How to be a good poetry audience..

We’ve talked about stage fright, the benefits of attending poetry workshops and tips on performance in previous blogs, and now it’s time to give the audience a few pointers!

It’s simple really; a good audience can help uplift a performance, while a distracted/bored audience might drain, even the most seasoned performer. No poetry event is complete without an audience that is willing to be captivated.

Speaking from the perspective of a performer, myself, I can attest to the fact that an artist feeds off the energy of an audience.

So let’s go over some do’s and don’ts – some might be obvious and others not so much.

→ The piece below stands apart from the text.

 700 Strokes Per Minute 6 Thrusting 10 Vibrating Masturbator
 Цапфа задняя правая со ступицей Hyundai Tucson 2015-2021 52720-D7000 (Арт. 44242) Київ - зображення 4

  • I know traffic in Mumbai can be hellish but please factor that in and get to the gig on time. Nothing is more distracting to a performer, than an audience member, who saunters in at the last minute with squeaky shoes, bumping into people.
  • Yes you’re not at the movies or in church, no one is going to make an announcement, but it is basic etiquette that you keep your phone on silent or switch it off. This goes out especially to those who invest in songs as ringtones and the sound of dogs barking as a message alert.
  • There will be occasions where poets you love or admire are performing and you like their poem. Please let the artist know if you’ve taken a video or if it’s not too much of a hassle, ask them before you upload it somewhere public. I know some fantastic poets who refuse to be videoed.
  • A lot of poetry gigs aren’t paid which means that more often than not, poets are not paid to come and read their poems. This eliminates all the effort put into writing good poetry, memorising it, working on their performance etc etc. So if a poem or a poet resonates with you, please show them some appreciation. You might just be the reason they keep writing and performing.
  • I know this is a super obvious one but let’s just get it out of the way – don’t talk when someone is performing. Don’t whisper either, you might think you’re being quiet but you’re probably one of those loud whisperers that might as well have been screaming!
  • And last but not the least, be a responsive audience. Smile at a joke, nod in agreement, click your fingers, clap your hands, and be present!